I’m definitely incredulous of that weight.

That does not mean I’m questioning the veracity of your post.

This thread only really works if we just take people at their word and assume their methods are sound. 🤷‍♂️

I processed an average mule deer buck this fall, similar in size to others I’ve taken. 61.7lbs boned out, I shot it in the neck and butchered it in the meat house were we do the cow every year. I’m confident a professional would have been within 1% of the meat weight I achieved.
On the hoof.
77ECD4FC-3BF0-4962-9950-961D81277239.jpegSeems insane a whitetail could be 2x of this muley.

Possible? Well I’m 6ft 150lb and I’m sure there are a bunch of 6ft 200 guys on this forum.
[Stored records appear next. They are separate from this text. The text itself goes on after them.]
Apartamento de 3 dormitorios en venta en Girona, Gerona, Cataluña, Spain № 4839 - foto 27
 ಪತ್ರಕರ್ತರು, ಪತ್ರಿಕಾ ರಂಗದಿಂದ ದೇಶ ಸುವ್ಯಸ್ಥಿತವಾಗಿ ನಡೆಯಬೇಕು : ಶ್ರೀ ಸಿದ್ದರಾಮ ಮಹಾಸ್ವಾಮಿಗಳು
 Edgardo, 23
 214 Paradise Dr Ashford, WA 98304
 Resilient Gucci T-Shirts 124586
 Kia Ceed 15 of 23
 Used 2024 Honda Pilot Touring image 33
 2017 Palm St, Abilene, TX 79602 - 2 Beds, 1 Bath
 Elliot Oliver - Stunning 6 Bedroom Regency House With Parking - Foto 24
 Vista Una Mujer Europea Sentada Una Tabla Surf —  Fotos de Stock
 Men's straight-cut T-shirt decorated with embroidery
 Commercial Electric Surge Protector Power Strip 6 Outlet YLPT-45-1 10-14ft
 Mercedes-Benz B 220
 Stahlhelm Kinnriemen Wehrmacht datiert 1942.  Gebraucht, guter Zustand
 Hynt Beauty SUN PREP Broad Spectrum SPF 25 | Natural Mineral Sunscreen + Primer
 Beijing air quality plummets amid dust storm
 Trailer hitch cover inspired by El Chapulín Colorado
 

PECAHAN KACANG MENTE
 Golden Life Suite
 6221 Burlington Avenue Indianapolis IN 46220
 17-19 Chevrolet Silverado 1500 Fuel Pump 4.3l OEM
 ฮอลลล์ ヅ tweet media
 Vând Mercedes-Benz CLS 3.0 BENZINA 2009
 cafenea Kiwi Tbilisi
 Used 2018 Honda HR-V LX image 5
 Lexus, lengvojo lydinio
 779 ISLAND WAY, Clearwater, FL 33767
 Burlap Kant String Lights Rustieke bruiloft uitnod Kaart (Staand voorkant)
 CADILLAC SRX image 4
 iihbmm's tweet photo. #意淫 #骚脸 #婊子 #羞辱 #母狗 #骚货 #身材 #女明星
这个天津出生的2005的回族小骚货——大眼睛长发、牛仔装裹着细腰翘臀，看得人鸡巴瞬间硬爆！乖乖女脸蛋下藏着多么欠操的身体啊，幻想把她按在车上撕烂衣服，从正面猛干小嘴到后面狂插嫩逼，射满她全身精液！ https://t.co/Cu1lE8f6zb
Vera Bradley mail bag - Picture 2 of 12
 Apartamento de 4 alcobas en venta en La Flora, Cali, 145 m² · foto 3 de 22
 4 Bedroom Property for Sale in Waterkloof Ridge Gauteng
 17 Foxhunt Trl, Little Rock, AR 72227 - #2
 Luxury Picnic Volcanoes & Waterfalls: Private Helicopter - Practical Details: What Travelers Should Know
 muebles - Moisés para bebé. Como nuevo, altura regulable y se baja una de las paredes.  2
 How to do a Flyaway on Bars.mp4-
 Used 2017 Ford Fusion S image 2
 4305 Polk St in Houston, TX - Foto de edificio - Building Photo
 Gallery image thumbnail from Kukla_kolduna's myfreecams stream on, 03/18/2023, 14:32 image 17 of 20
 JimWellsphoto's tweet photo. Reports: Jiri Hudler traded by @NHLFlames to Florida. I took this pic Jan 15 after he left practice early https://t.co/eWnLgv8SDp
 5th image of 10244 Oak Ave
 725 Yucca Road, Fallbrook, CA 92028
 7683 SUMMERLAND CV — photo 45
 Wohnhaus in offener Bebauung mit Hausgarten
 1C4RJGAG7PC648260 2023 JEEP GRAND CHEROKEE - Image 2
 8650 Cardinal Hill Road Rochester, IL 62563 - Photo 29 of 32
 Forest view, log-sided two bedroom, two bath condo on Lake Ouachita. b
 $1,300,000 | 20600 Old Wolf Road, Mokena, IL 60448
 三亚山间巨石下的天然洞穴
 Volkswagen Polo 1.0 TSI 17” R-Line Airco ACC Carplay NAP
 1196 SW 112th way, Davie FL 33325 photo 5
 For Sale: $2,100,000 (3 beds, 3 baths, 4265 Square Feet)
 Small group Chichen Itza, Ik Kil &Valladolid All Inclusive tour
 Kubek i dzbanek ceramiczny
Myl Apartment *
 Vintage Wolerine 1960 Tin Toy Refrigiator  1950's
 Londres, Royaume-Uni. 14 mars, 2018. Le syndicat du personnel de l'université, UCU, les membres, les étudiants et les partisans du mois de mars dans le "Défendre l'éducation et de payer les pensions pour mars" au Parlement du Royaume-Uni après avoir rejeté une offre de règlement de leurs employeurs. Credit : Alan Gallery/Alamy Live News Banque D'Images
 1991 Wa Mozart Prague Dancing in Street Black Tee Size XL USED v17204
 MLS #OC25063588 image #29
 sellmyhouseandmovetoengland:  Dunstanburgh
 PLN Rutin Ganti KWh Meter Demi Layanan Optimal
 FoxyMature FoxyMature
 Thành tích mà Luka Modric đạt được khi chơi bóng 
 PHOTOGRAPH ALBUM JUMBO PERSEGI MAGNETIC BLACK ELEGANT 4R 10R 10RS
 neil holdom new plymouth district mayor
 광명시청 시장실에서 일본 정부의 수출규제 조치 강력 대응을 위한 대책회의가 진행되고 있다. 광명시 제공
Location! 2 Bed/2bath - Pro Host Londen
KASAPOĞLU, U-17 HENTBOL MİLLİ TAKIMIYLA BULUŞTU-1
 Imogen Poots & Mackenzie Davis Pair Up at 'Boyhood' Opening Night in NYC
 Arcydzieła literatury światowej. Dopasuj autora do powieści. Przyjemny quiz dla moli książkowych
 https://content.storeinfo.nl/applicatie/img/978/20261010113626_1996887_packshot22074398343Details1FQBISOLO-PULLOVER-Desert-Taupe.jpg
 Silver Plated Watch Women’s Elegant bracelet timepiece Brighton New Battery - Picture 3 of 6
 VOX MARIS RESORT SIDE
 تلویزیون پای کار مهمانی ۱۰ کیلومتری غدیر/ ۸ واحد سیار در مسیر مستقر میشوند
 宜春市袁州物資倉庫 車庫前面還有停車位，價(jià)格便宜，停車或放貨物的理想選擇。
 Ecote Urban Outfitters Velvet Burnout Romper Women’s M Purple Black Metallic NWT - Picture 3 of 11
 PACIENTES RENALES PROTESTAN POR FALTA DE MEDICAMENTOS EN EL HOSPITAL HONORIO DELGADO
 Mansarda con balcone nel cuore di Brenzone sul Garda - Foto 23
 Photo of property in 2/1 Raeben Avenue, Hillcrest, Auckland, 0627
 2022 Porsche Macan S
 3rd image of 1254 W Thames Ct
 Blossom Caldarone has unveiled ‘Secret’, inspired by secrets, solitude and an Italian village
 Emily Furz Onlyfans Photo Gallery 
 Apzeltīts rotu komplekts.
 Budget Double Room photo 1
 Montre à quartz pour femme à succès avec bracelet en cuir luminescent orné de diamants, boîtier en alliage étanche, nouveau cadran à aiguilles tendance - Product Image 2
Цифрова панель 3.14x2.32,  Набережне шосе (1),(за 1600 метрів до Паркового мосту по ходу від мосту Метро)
I’m sure Joe Rogan bones out 3x what I do ;)

Same idea right?

So incredulous in a that’s amazing kinda way.

Thanks for your contributions, cool stuff.
 
I just got done processing my son's and my elk and figured I'd weigh what we ended up with. He shot a yearling cow, I shot a calf. We took all four quarters, backstraps and tenderloins. These weights are of meat that is already wrapped and in the freezer.

Yearling cow:
Burger 17 lbs
Steak/roasts 37 lbs
Total 54 lbs

Calf:
Burger 12 lbs
Steak/roasts 23.25 lbs
Total 35.25 lbs

I was kind of surprised at these weights. I would have guessed them to be higher. Maybe that's what happens when you have too many late nights of meat cutting, you get generous with what you trim, haha.
 
Here are a couple pics from a different buck that I recall had a similar meat yield. Unfortunately the one is out of focus, but you can still see it was 225 lbs field-dressed.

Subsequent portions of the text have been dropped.